Dinanzi a tale super-difesa, cosa risposero le nazioni (secondo i maestri del Talmud)? «‘Signore del mondo, offrici di nuovo l’occasione di ricevere la Torà e la osserveremo…’. ‘Sciocchi!’ replicò il Santo benedetto. ‘Chi si dà pena di preparare la vigilia di Shabbat mangerà di Shabbat, ma chi non si dà pena di preparare la vigilia di Shabbat non mangerà di Shabbat’». Ciò significa: avete avuto l’offerta ma l’avete rifiutata, non avete colto l’occasione propizia, e ora è troppo tardi. E mi piace pensare che, invece, alloraquando Israele rispose «Tutto ciò che il Signore ha parlato faremo e ascolteremo» [Shemot/Es 19,8]… abbiano aggiunto: se non ora, quando? [cfr. Pirqé avot I,14]. Certe situazioni non si ripetono e nel mondo, nella storia, niente vale di più dell’intelligenza delle situazioni. E quante occasioni di pace hanno perso i leader palestinesi nel corso degli ultimi cinquant’anni? A giudicare dalle reazioni di molte nazioni alla feroce violenza di Hamas contro i civili innocenti del popolo ebraico – anziani, donne e bambini soprattutto – quel che ancora una volta è mancata è la capacità di capire la situazione e di ragionare in termini storici; non si accetta che Israele lotti per il proprio diritto a vivere e a vivere lì dove ormai la quasi totalità degli israeliani è nata e lavora e sogna la pace.
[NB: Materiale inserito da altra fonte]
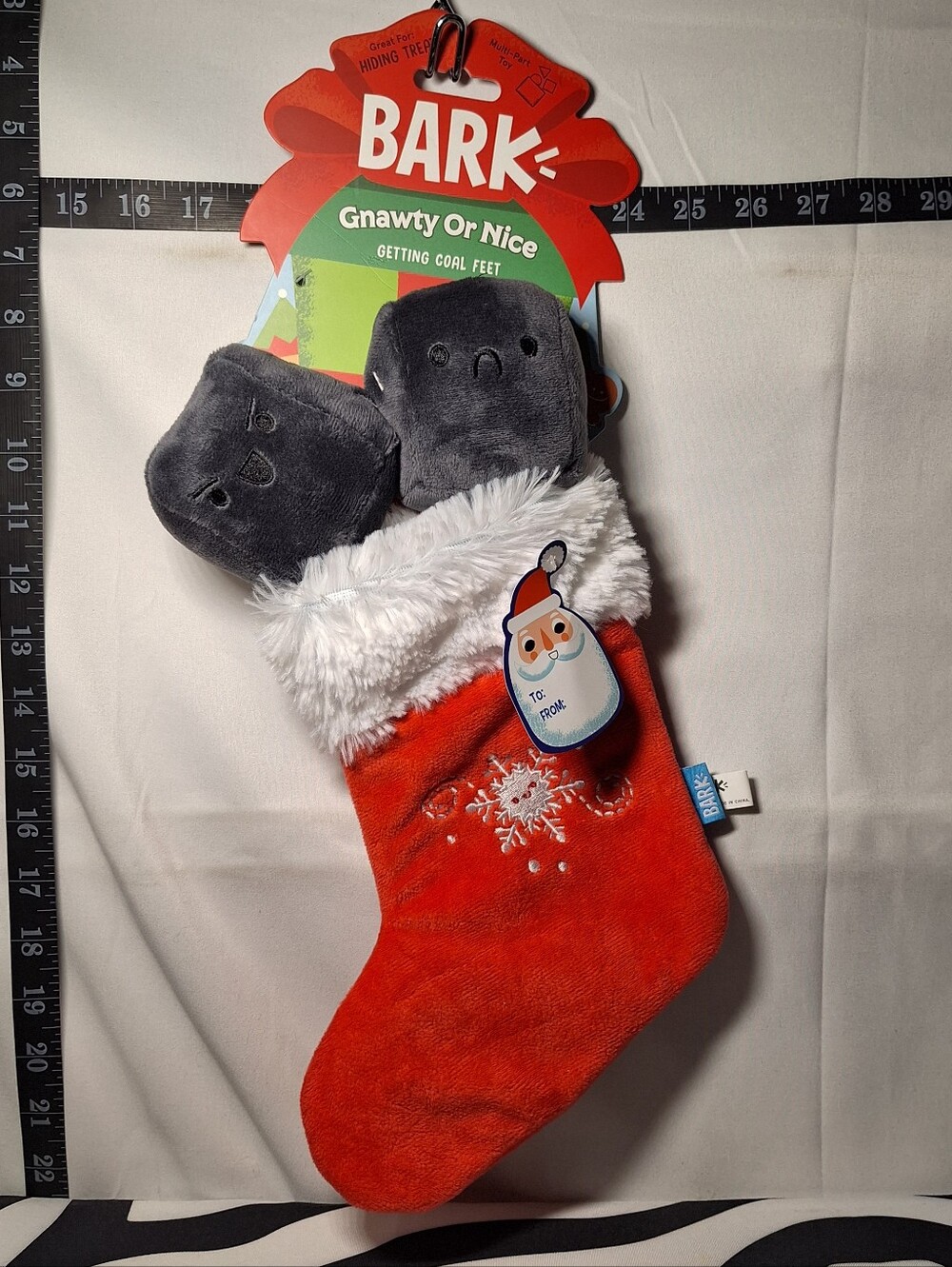 NWT Bark Getting Coal Feet Dog Toy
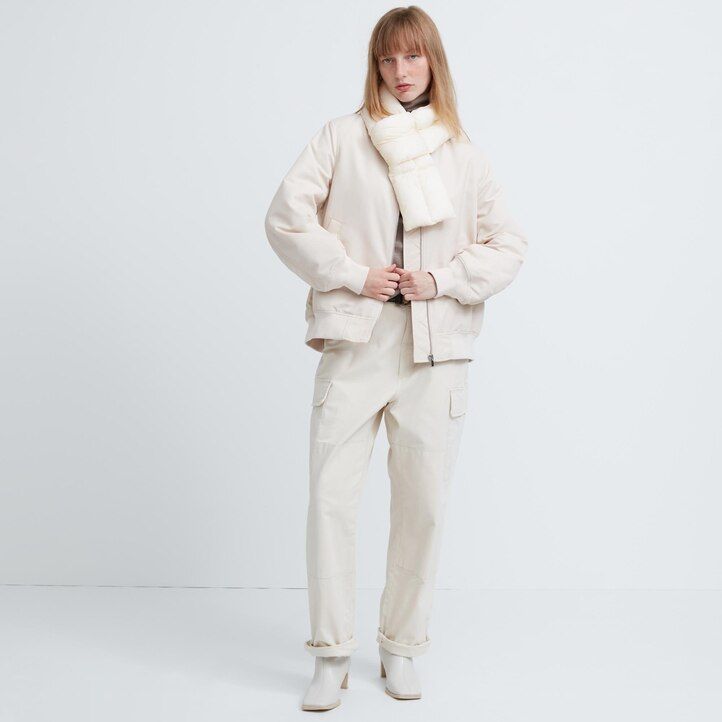 uniqlo heattech gefütterter wattierter schal damentaschen olivgrün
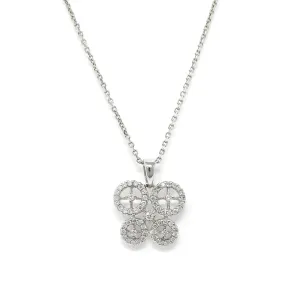 Modern Diamond Butterfly Pendant Necklace in 14K White Gold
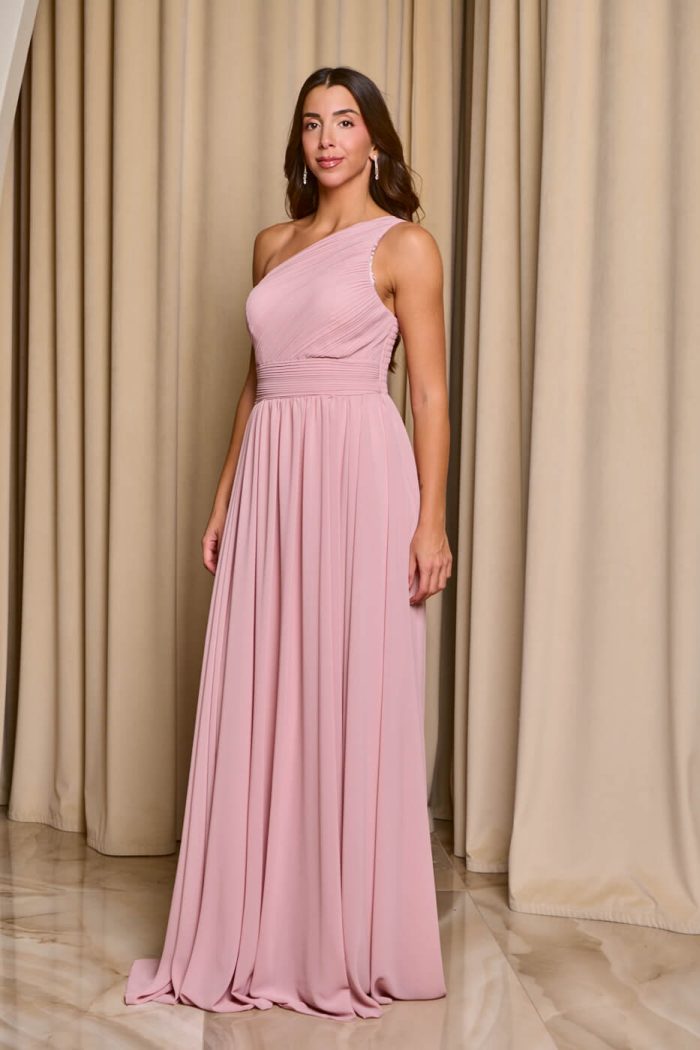 Φόρεμα maxi one shoulder με πλισέ σχέδιο στο μπούστο baby pink - Image 4
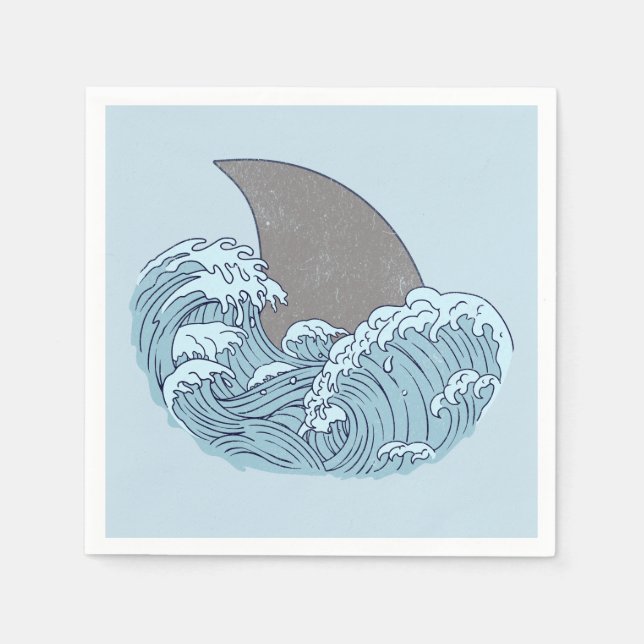 Serviette En Papier Illustration de requin (Devant)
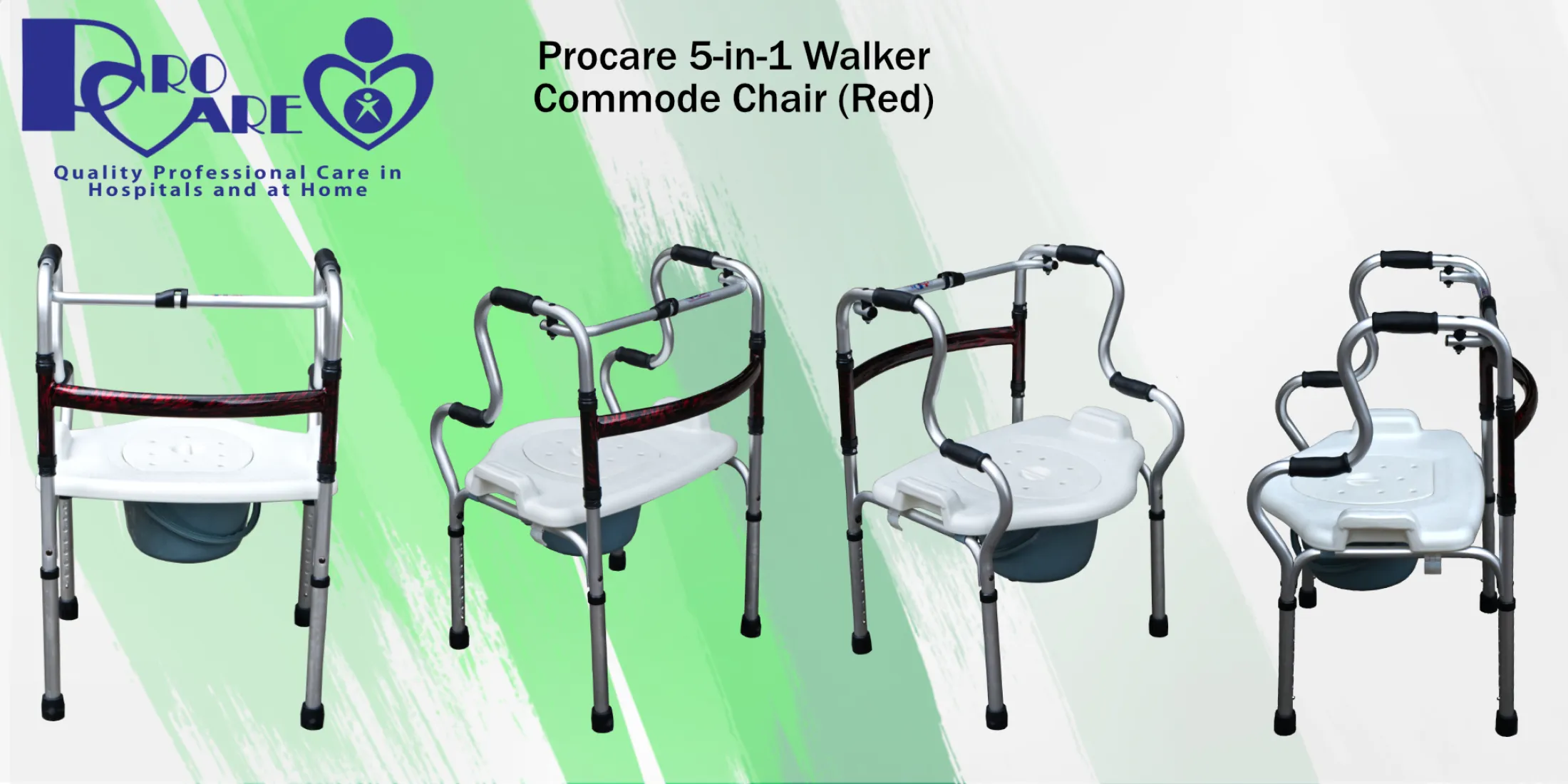 Procare 5 In 1 Multi Functioning Reciprocating Walker Commode Shower Chair With Commode Pail Arinola Adjustable Height Push And Lock Button Mechanism And Waterproof Washable Seat Lazada Ph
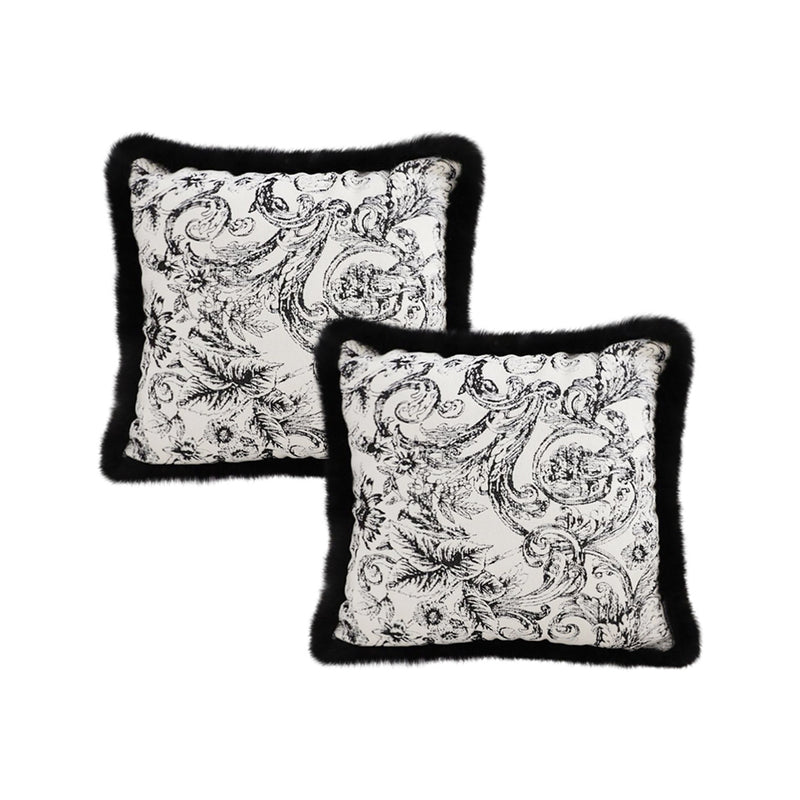 2X Plush Velvet Floral Jacquard Fringe Cushion 45x45cm 15cm Multicolor Polyester
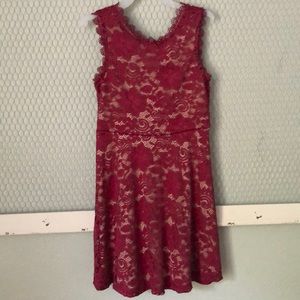 Maroon Floral Lace Dress 12 Speechless Kids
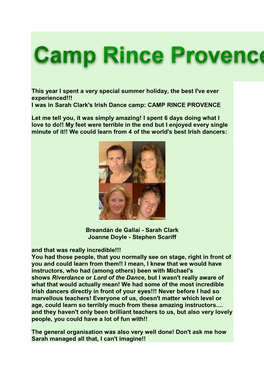 I Was in Sarah Clark's Irish Dance Camp: CAMP RINCE PROVENCE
In troppi sembrano non capire che vi sono situazioni nelle quali occorre “cogliere al volo” quel che va fatto, senza demandare ad altri quelle responsabilità per noi stessi che incombono soltanto su noi stessi. Im ein anì lì, mì lì? Se io non sono per me, chi sarà per me? Quasi tutti gli israeliani oggi stanno vivendo questo pensiero, espresso anni fa dal professor Aviezer Ravitzky: «Voglio essere in grado di guardare i miei figli negli occhi e dir loro che la nostra generazione ha fatto tutto il possibile per evitare la catastrofe». Im lo ‘akshav, emmatai?